Police may not make fake traffic stops, which are illegal, dishonest, and an abuse of authority. Apparently the unit involved has had recent public scandals, so some idiot thought agreeing to abuse police power to help this guy propose was good public relations. It’s good public relations for dumb members of the public, perhaps. For anyone capable of critical thought, NYPD police acting like this makes the department’s judgement appear worse, and the its trustworthiness seem minimal.
In addition to being an abuse of power, the stunt was a misuse of tax dollars and risky. What if, unknown to the boyfriend, Oppen was carrying contraband, or a small gun? What if she panicked? What if the officers saw evidence of a crime during their fake stop? Don’t tell me nobody would be so stupid as to ask the police to stage a vehicle stop and allow any of that to happen. If Coria is so stupid that he thinks asking cops to stage a stop to give him a cute proposal op that he can tell the couple’s kids about, assuming she said yes—she shouldn’t have, you know, because he’s a jackass, like all men who do this sort of thing—then he’s stupid enough to forget to make sure his honey isn’t a drug mule or a hit-woman.

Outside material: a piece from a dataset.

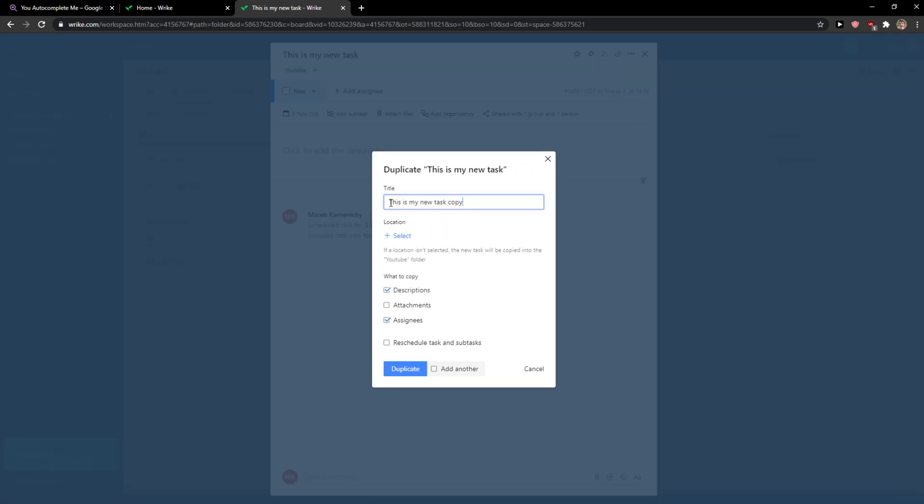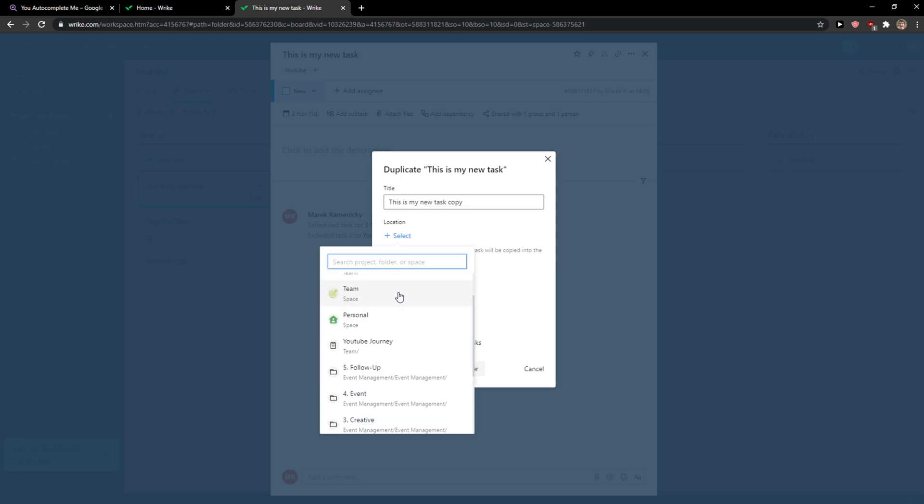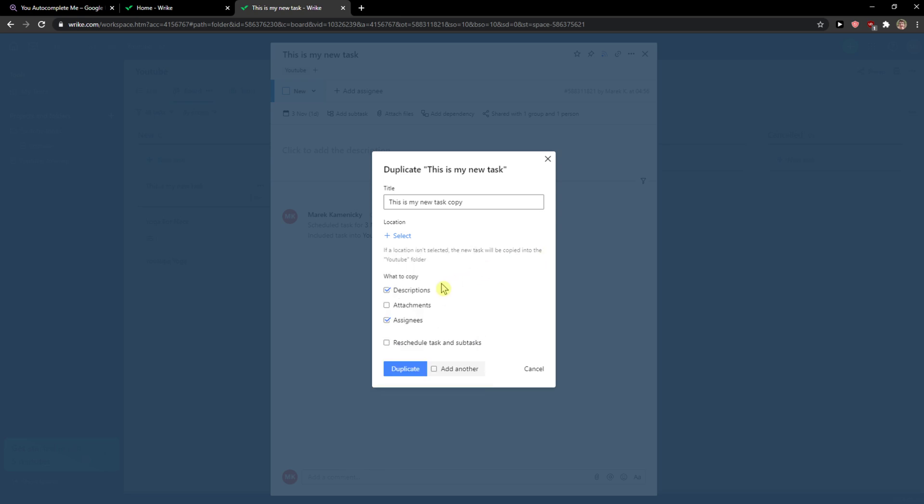And now this is my new task copy and you can also choose the location and this is what I meant by copy and pasting. You can simply choose where you want to actually paste it right, so YouTube ideas, team personal, YouTube, it doesn't matter.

I hope this is just an isolated incident, and that departments aren’t considering capitulating to inappropriate requests like this—Hey, would you “arrest” my friend and take him to his surprise party? Hey, would you go to this address and scare the crap out of my cheating husband? to improve community relations. Even less outrageous examples of police being “nice,” like bringing soup to elderly shut-ins or picking up kids from school, is ultra vires.
Police no longer know where and what the ethical borders of their authority are. This incident is only one of the more harmless symptoms, but the problem is serious.